Having considered the entire record and the briefs of the parties, the Commission finds, concludes, and orders as follows:
FINDINGS OF FACT
1. Under date of February 27, 1989, the Department issued an assessment to both petitioners for $10,015.36, consisting of income tax and interest, for tax year 1986. Under the same date, the Department issued an assessment to Mr. Dvorak for $30,714.73, consisting of income tax and interest, for tax years 1982 through 1985.
2. Under date of April 26, 1989, petitioners appealed both assessments by filing petitions for redetermination with the Department.
3. Under date of November 2, 1999,(1) the Department granted in part and denied in part both petitions for redetermination, whereupon petitioners filed timely petitions for review with this commission.
4. Mr. Dvorak has been a certified public accountant since 1972.

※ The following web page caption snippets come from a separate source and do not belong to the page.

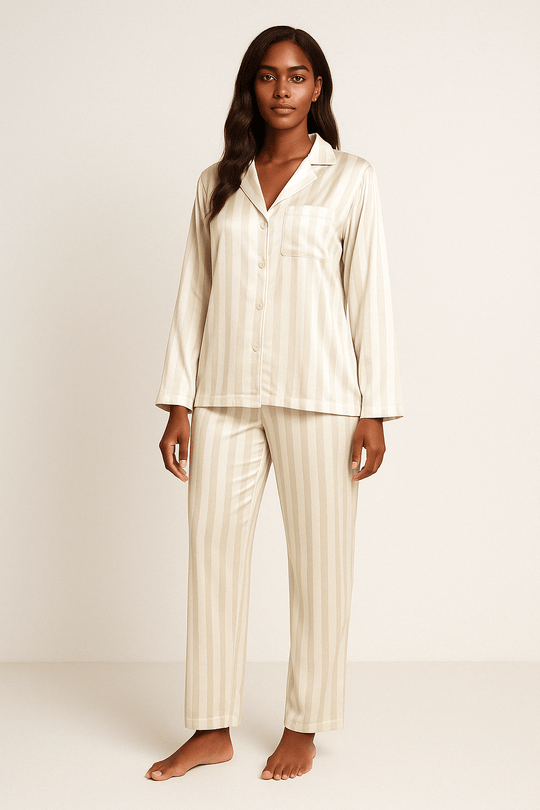Sahari - Set pigiama da donna | Materiale morbido, motivo a righe classico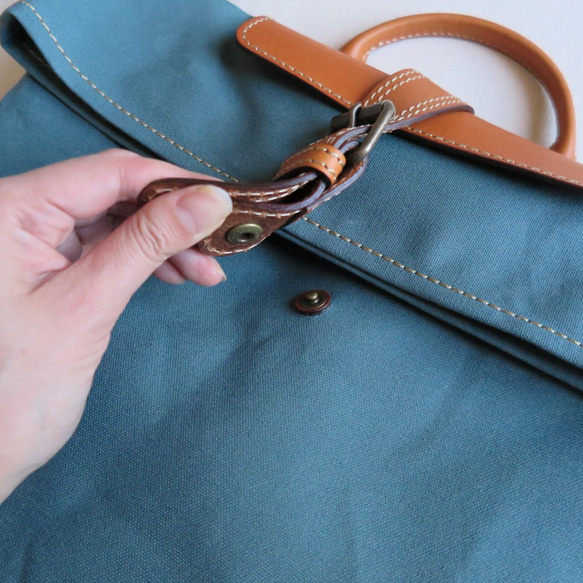 受注生産　Paraffin canvas messenger bag BLUE 6枚目の画像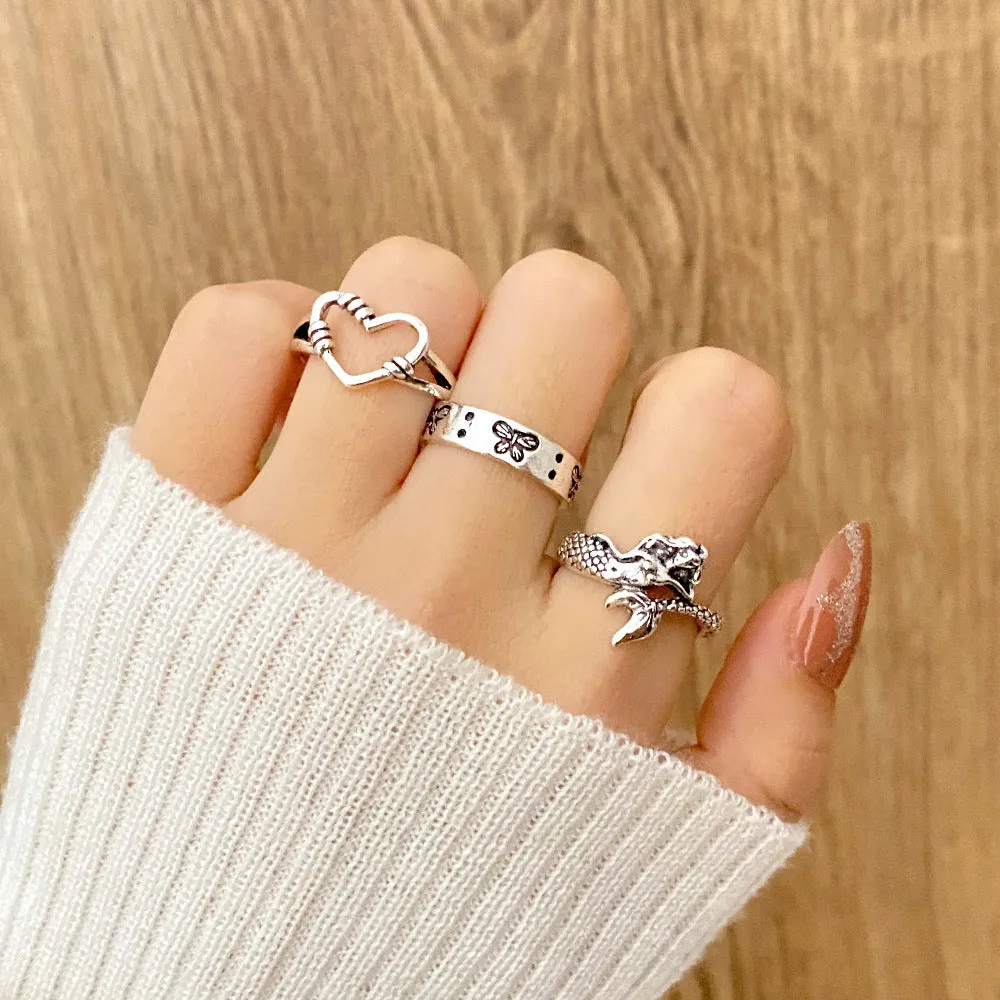 Retro alloy ring set for women with butterfly and snake geometric designs, opening rings pack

5. Prior to and during the period under review,(2) Mr. Dvorak had business interests in four corporations (DRI, Inc.; DRI Two, Inc.; DRI Three, Inc.; and DRI Four, Inc., hereafter "DRI", "DRI 2", DRI 3", and "DRI 4") and one partnership (Parkview Heights Partnership, hereafter "Parkview Heights") which are the subject of several issues in these cases.
6. Most of the disputes regarding the four corporations relate to whether Mr. Dvorak has substantiated adjustments to his bases in the corporations, specifically additions to his initial investments. The Department also adjusted petitioners' gain on the sale of their personal residence which they reported on their 1986 income tax return, adjusted the total itemized deductions which they claimed on their 1983 income tax return, and added $83,500 to their 1985 income tax return for the asserted cancellation of a debt.

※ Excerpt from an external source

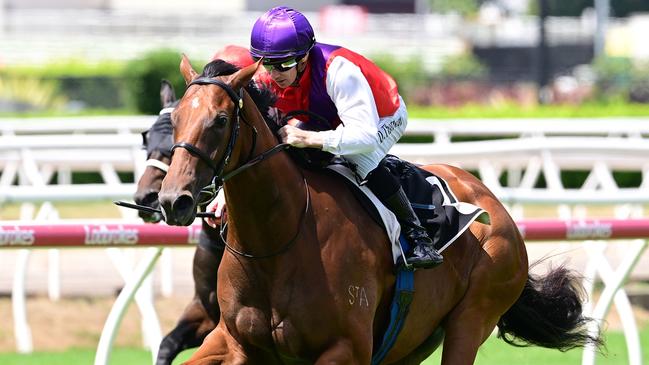 Racing legend Lee Freedman is daring to dream big with two-year-old filly Profoundly who won in fine fashion at Eagle Farm. Picture: Grant Peters / Trackside Photography.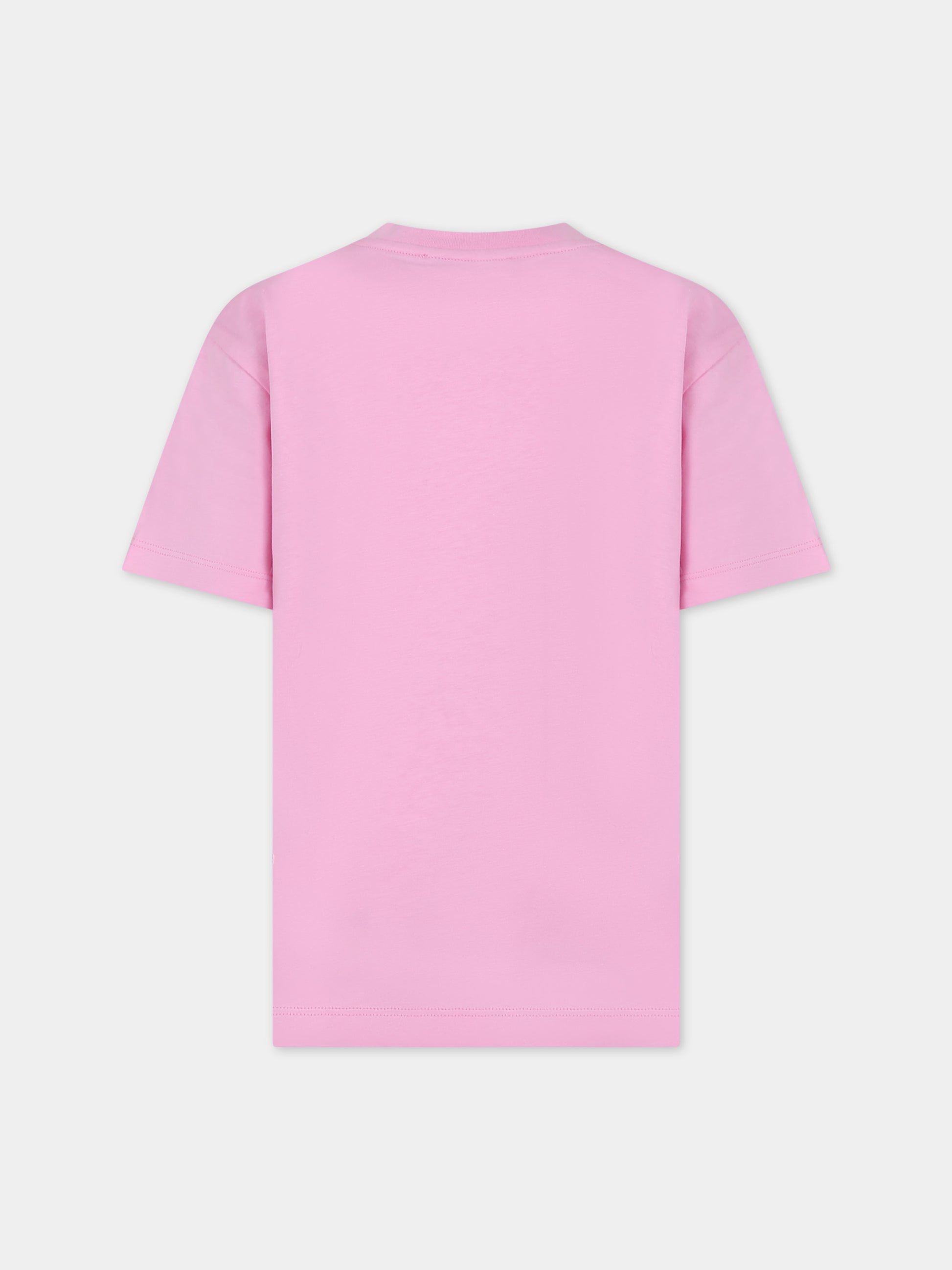 T-shirt rosa per bambina con logo,Msgm Kids,F3MSJUTH009 042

7. DRI was incorporated in May 1981 and filed income taxes as a Subchapter S corporation. This corporation's shareholders were Mr. Dvorak, William F. O'Donnell, Leo C. Talsky, Lawrence Bavaratti, and Harold Lardinois. DRI owned and operated a radio station in Mississippi.
8. Mr. Dvorak's initial investment in DRI, like the other investors', was a $20,000 stock purchase and a $6,000 loan. He has no checks or receipts to verify this. Subsequently, he purchased a radio tower and had it transported to Mississippi for use by the corporation. He claims to have paid for the tower by check, but does not have the check to verify the purchase. He also invested other money in DRI, but has no check or promissory note to verify any of the amounts. The Department has determined Mr. Dvorak's basis in this corporation as $26,000. Mr. Dvorak asserts that the basis is more, but has not substantiated a higher amount.

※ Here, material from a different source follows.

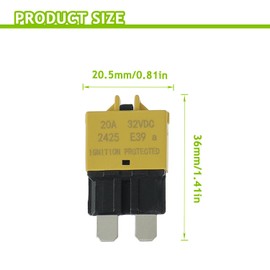 EPLZON 20A DC 12V-32V Manual Reset Circuit Breaker ATC/ATO Low Profile T3 Mini Blade Fuses Breakers for Car Trucks Marine Boat RV Solar and More,2 Pack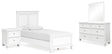 Fortman 6-Piece Twin Panel Bed with Mirrored Dresser and Nightstand (Twin Panel Footboard, Twin Panel Headboard, Twin/Full Panel Rails, Dresser, Bedroom Mirror, Nightstand)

9. On Schedule E ("Supplemental Income Schedule") of their 1981 through 1985 federal Forms 1040, petitioners claimed total losses of $30,825 from DRI. The Department disallowed losses exceeding the $26,000 basis. Petitioners also reported on Schedule D ("Capital Gains and Losses") of their 1985 income tax return that they sold Mr. Dvorak's shares of DRI for $1, with a basis of $11,239, for a loss of $11,238. Because the Department had allowed $26,000 in losses on Schedule E, it adjusted Mr. Dvorak's basis to zero. With a basis of zero and a reported sale price of $1, the Department disallowed the long-term capital loss reported and recomputed Mr. Dvorak's gain as $1.
10. DRI 2 was also incorporated in 1981, filed income taxes as a Subchapter S corporation, and owned a radio station in Mississippi. Mr. Dvorak, the corporate president, made an initial investment by purchasing $12,500 of stock and by giving a $5,500 note. Other shareholders were Mr. O'Donnell, Mr. Talsky, and Mr. Lardinois.
11. The Department determined that Mr. Dvorak's basis in this corporation was $18,000. Mr. Dvorak asserted that his basis had increased and that he made additional cash contributions by check, but he could not substantiate either assertion.
12. On Schedule E of their 1982 through 1985 federal Forms 1040, petitioners claimed losses from this corporation of almost $33,000. The Department disallowed losses exceeding the $18,000 basis. Petitioners also reported on Schedule D of their 1985 income tax return that Mr. Dvorak sold his shares of DRI 2 for $1, with a negative basis of $896, for a gain of $897. Because the Department had allowed $18,000 in losses on Schedule E, it adjusted Mr. Dvorak's basis to zero. With a basis of zero and a reported sale price of $1, the Department recomputed Mr. Dvorak's gain as $1.
13. DRI 3 was incorporated in 1982, filed income taxes as a Subchapter S corporation, and operated a radio station in Mississippi. Mr. Dvorak was the corporate president, and the other shareholders were Elmer Miller, William Mikitch, and Mr. Lardinois. The record is unclear as to Mr. Dvorak's initial investment. At an unspecified time, he invested $7,500 and purchased a used car for the corporation. The Department established Mr. Dvorak's basis in this corporation as $7,500. Mr. Dvorak asserted that his basis was larger but could not substantiate a higher amount.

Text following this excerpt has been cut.